I dunno. I re-read the first book of WoT recently and I’m not seeing many similarities beyond stuff that’s true of large swathes of fantasy novels. I guess the two similarities which stand out are:
A) Magic is policed/oppressed. This is very common in fantasy novels written after 1990, because, like, if humans were involved, magic WOULD be policed/oppressed, because it’s a threat. So I think that’s a weak similarity at best.
B) Darkspawn are superficially similar to Trollocs. But not really. Darkspawn are a lot creepier than the simple beastmen of the Trollocs.

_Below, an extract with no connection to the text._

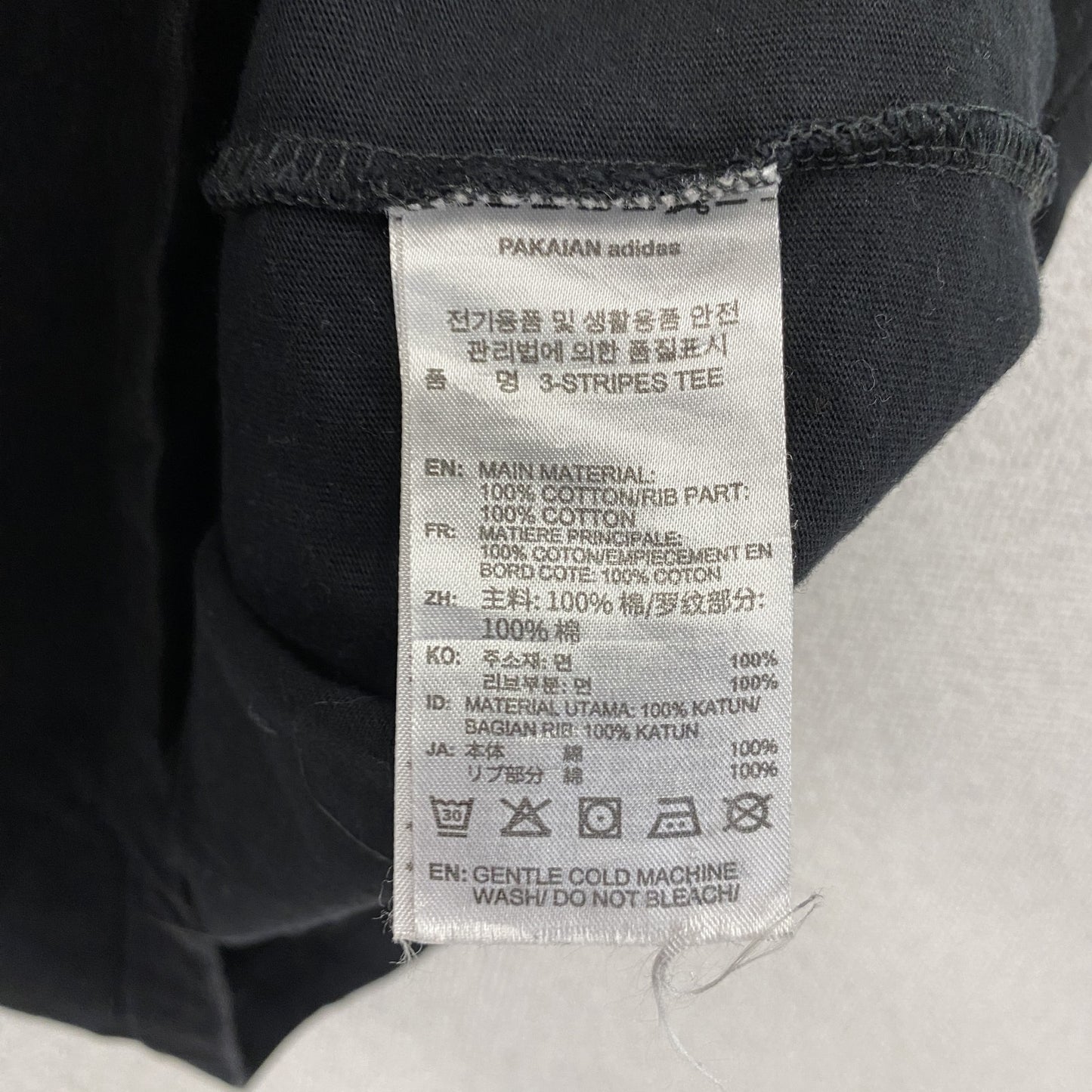 adidas　アディダス　3-STRIPES　スリーストライプス　半袖Tシャツ　トレフォイルロゴ　黒　ブラック　Sサイズ　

I can’t really see anything else. The obsessions of The Wheel of Time are retrograde obsessions - strict gender divides/gender essentialism which tie into the mythology of the setting (not outright misogyny or anything - Jordan is weird in that he has very narrow ideals for how men or how women should be, neither of which prevents them being an important part of society, but strictly delineates what they should be doing - men are generally portrayed more negatively, too, but both genders are strictly limited), the “Just King” concept and a related obsession with “true lineages” and the idea that “blood will out” and so on, the inevitable 1970s/1980s Tolkien imitator deal where there was a modern world before this one*, and so on.
That particular one is of course folklore-influenced, but an awful lot of well-written fantasy is like that. It’s not really a “folklore vs fantasy” thing, it’s a “has the setting and its inhabitants evolved organically?” thing.
That definitely isn’t too pedantic, and it’s something that is an issue in written SF too, albeit more rarely.
* = That’s a whole other thing that’s very generational. When LotR came out in the 1950s and 1960s, both the public and SF fans had difficulty processing it and didn’t initially connect it to a broader fantasy tradition (shades of Harry Potter), and people frequently assumed it was far post-apocalyptic SF. I think all the shit Aragorn and others talked about how the world used to be better helped to give this impression. That faded, but it’s no accident at all that a lot of directly Tolkien-inspired authors in writing in the 1970s and 1980s (who thus grew up when such ideas were knocking around) have settings where it’s Tolkenian, but there’s a more direct reference to a more technological “world before”.